Supplied information:
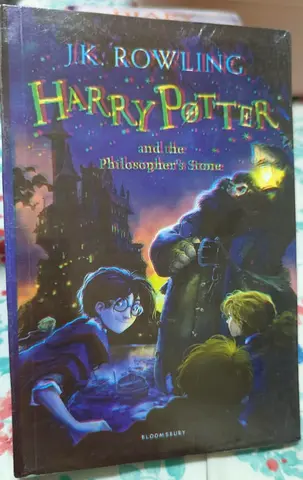 Harry Potter and the Philosopher's Stone - Paperback - Excellent Condition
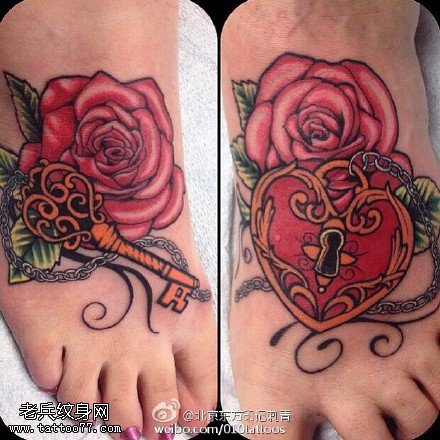 彩绘玫瑰钥匙锁纹身图案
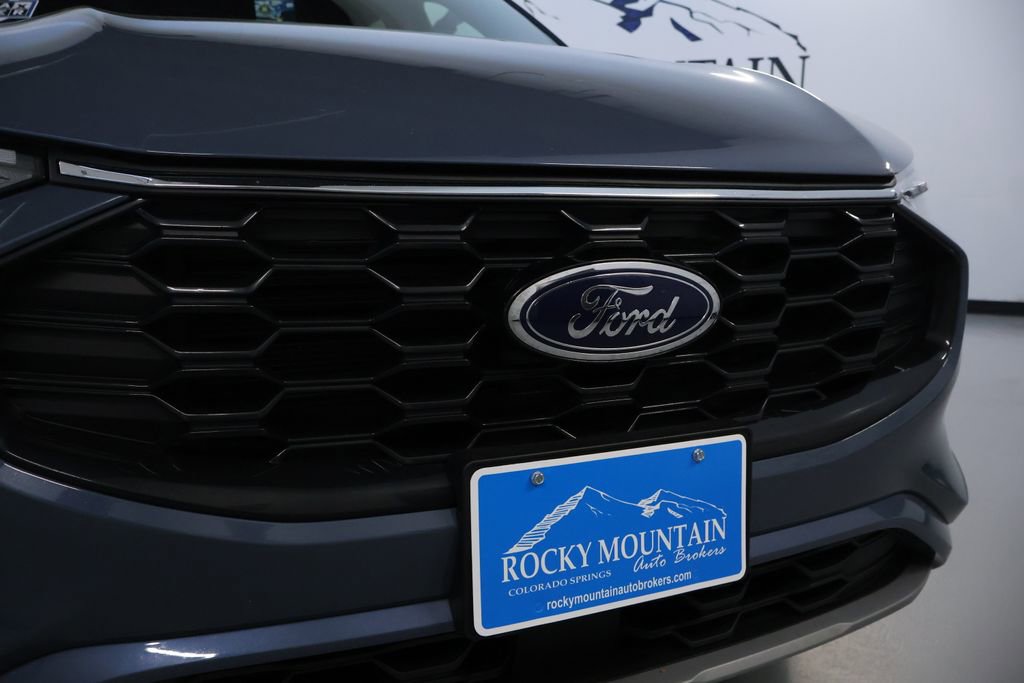 Used 2023 Ford Escape ST-Line w/ Tech Pack #1 image 9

Exercise prompt:
Pictures stay out; the data above is to be returned exactly.

Answer below:
 Harry Potter and the Philosopher's Stone - Paperback - Excellent Condition
 彩绘玫瑰钥匙锁纹身图案
 Used 2023 Ford Escape ST-Line w/ Tech Pack #1 image 9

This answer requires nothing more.